Une mare des coteaux sud de Saint-Chamond restaurée : bien souvent, c’est le manque d’entretien qui les détruit. ©If Média / Xavier Alix

Aux chasseurs les haies. A FNE et la LPO, les mares. Malgré leurs relations fréquemment « tumultueuses », la Fédération départementale des chasseurs de la Loire et France Nature Environnement Loire (et la LPO qui en est membre) sont ici, comme cela peut arriver sur des appels à projets, dans le même « camp » en tant qu’opérateurs. La cohabitation, mais celle entre l’ensemble de l’activité humaine et ce qui reste de biodiversité sur les coteaux du Gier, c’est bien le sujet du « Marathon de la biodiversité » pour lequel leurs savoir-faire, ainsi que celui des Conservatoire des Espaces Naturels (CEN) Rhône-Alpes, ont été sollicités par Saint-Etienne Métropole et le Syndicat mixte du Gier Rhodanien (SyGR). D’une certaine façon, les deux collectivités qui partagent la compétence publique à propos de la rivière commune à leurs départements, sont des « maîtres d’œuvre » engagés par l’Agence de l’eau Rhône Méditerranée Corse pour déployer localement son opération.

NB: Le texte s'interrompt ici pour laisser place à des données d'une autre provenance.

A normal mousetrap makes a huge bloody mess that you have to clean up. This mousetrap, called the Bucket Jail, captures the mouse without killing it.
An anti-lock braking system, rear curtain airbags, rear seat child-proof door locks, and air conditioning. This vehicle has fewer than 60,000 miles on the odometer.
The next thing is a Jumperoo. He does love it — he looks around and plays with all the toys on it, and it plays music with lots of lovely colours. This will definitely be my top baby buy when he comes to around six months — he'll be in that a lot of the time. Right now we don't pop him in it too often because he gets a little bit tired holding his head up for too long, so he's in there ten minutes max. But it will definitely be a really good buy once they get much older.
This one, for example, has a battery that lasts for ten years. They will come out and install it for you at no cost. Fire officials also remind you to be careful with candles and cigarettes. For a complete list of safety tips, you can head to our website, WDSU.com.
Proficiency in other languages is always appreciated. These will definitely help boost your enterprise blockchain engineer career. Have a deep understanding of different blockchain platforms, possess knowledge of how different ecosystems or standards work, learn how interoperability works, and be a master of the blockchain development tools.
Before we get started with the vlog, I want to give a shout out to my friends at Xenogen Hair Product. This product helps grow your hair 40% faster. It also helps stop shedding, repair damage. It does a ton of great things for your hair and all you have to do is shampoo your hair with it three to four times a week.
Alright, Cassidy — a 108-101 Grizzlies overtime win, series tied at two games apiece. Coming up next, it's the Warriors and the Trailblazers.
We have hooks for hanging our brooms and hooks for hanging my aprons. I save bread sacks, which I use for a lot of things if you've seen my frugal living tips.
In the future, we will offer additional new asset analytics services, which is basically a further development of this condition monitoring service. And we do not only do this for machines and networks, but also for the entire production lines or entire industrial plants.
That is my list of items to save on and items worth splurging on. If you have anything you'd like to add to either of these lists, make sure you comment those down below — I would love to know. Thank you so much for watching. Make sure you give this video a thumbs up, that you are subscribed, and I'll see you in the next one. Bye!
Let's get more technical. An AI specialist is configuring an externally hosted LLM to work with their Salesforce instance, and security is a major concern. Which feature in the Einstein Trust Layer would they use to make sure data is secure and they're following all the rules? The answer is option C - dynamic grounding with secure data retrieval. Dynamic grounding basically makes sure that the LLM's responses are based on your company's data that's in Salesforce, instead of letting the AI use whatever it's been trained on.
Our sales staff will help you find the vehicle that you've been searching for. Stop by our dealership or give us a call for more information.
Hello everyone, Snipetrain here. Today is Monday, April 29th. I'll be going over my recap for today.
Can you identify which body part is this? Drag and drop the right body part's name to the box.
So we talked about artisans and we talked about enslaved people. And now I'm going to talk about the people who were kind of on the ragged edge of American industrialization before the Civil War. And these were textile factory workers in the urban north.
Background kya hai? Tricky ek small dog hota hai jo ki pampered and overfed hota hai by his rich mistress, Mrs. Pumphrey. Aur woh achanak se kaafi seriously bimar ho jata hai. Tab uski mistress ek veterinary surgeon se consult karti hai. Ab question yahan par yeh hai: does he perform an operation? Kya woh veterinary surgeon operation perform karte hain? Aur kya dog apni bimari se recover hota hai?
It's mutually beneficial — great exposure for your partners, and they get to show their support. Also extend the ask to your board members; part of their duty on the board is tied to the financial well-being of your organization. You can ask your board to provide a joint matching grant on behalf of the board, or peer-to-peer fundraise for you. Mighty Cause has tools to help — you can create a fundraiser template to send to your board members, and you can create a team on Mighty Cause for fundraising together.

Son « Marathon » vise à inciter la restauration de ces milieux – haies et mares – si favorables à la biodiversité, et tellement mis à mal. Cela dans des zones où ruralité, agriculture et périurbains s’emmêlent. Les autres bassins versants de la Métropole stéphanoise et même du reste du département voient leurs eaux s’acheminer vers l’Atlantique et, à ce titre, dépendent, eux, de l’Agence de l’eau Loire Bretagne. Agence qui n’a pas lancé l’équivalent du Marathon de la biodiversité*. Ce qui explique que cette opération là, dans notre département, se cantonne au Gier. Cela n’empêche pas, sous une autre forme, bien d’autres initiatives analogues – haies, mares ou autres – sur le périmètre de Loire Bretagne. Celle spécifique à l’Agence de l’eau Rhône Méditerranée Corse subventionne en tout cas à hauteur de 70 % le coût des opérations (animations et suivis compris) de restauration de haies et de mares réalisés par la Fédération de chasse, FNE et la LPO. Le reste est pris en charge par l’intercommunalité, le Département et l’Etat (le budget de son agence de l’eau est lié aux facturations d’eau).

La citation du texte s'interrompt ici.